Everything from the line containing "CADDE ÜSTÜ DAİRE! ÜNALLAR EMLAKTAN SATIŞTA" down to the last line below should be set down exactly, and only that, without the pictures.

DATASET CONTENT START

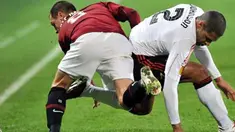 Duel antara gelandang Sparta Praha Marek Matejovsky (kiri) dan full-back Liverpool Glen Johnson di leg pertama babak 32 besar Europa League yang berlangsung di Generali Arena, Praha, 17 Februari 2011. Skor 0-0. AFP PHOTO / JOE KLAMAR 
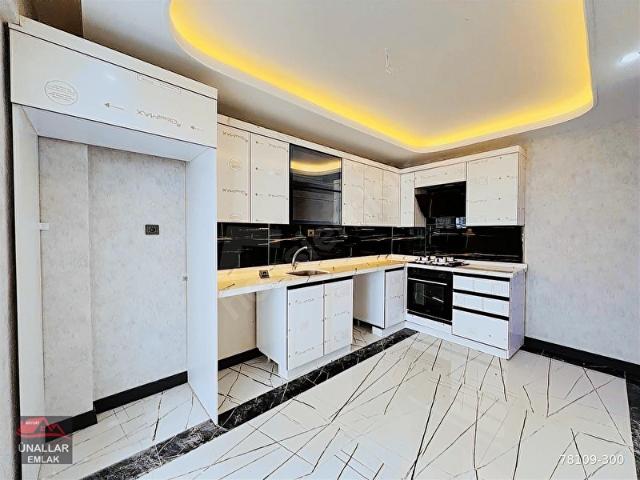 CADDE ÜSTÜ DAİRE! ÜNALLAR EMLAKTAN SATIŞTA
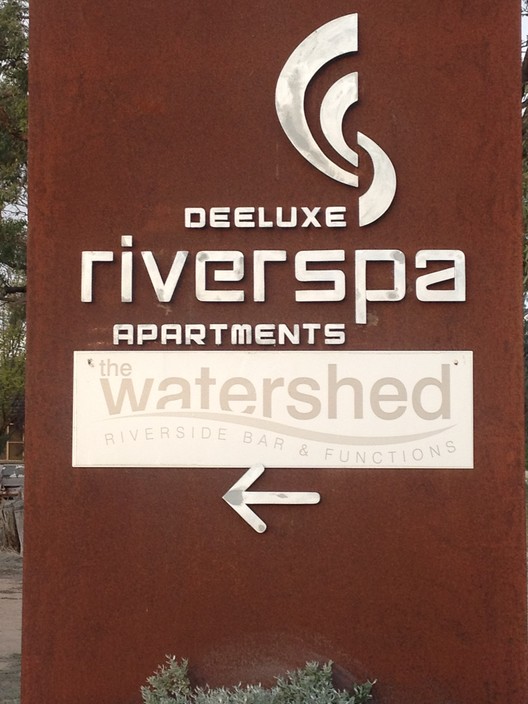 Deeluxe Riverspa Apartments Pic 1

DATASET CONTENT END

## SOLUTION TO THE PROBLEM:
 CADDE ÜSTÜ DAİRE! ÜNALLAR EMLAKTAN SATIŞTA
 Deeluxe Riverspa Apartments Pic 1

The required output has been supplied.